▶ _TASK STATEMENT_
In the entries below, find the line with "Dashboard (meter) GMC 200163667493391875110" and the line with "Closet Pantry Copenhague, Bedroom, White". Print those two and everything between them exactly, and nothing else.

▶ _SOURCE INFORMATION_
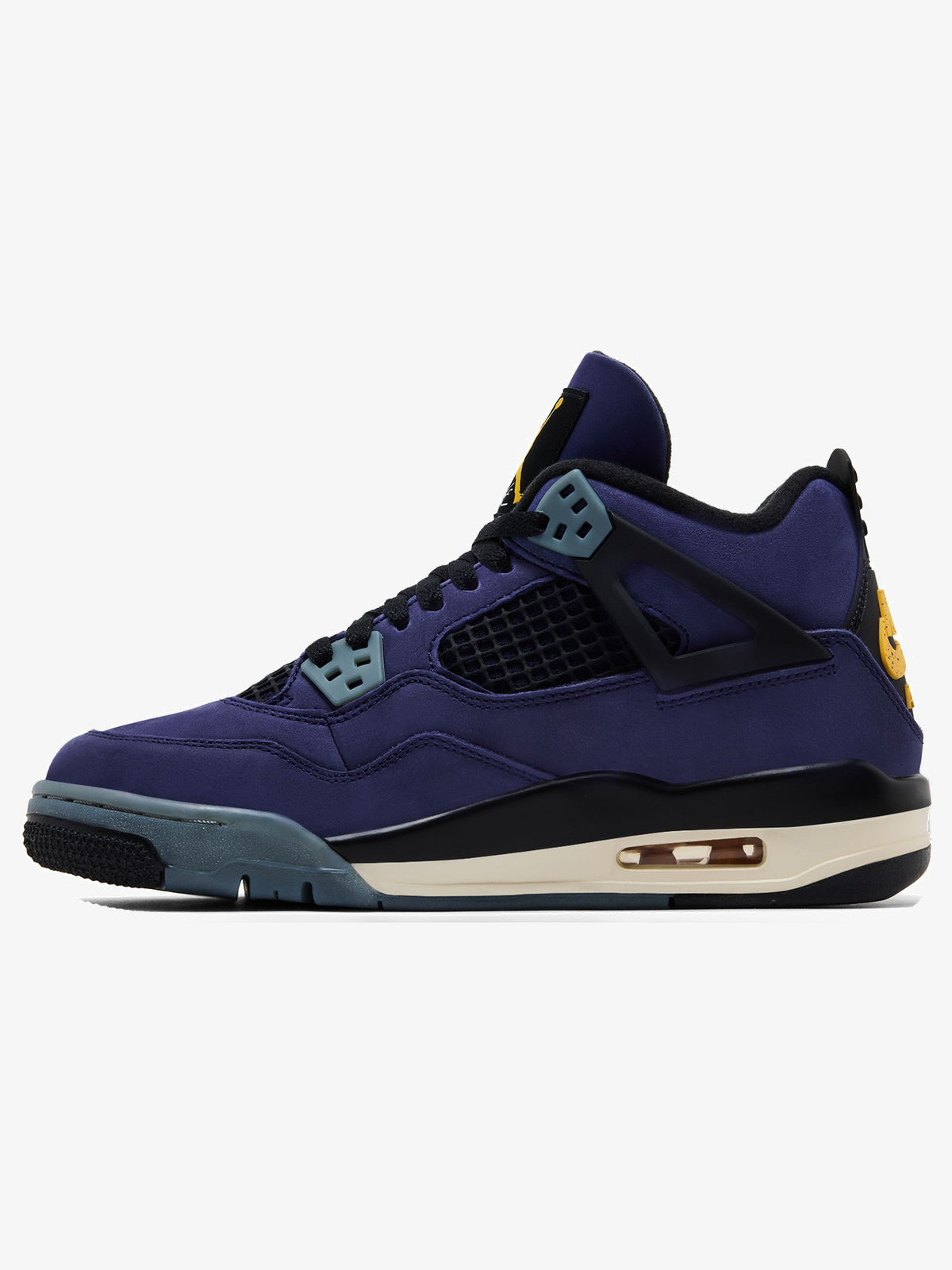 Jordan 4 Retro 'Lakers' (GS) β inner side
...
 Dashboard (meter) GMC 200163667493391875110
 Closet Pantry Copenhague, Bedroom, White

▶ _YOUR SOLUTION_
 Dashboard (meter) GMC 200163667493391875110
 Closet Pantry Copenhague, Bedroom, White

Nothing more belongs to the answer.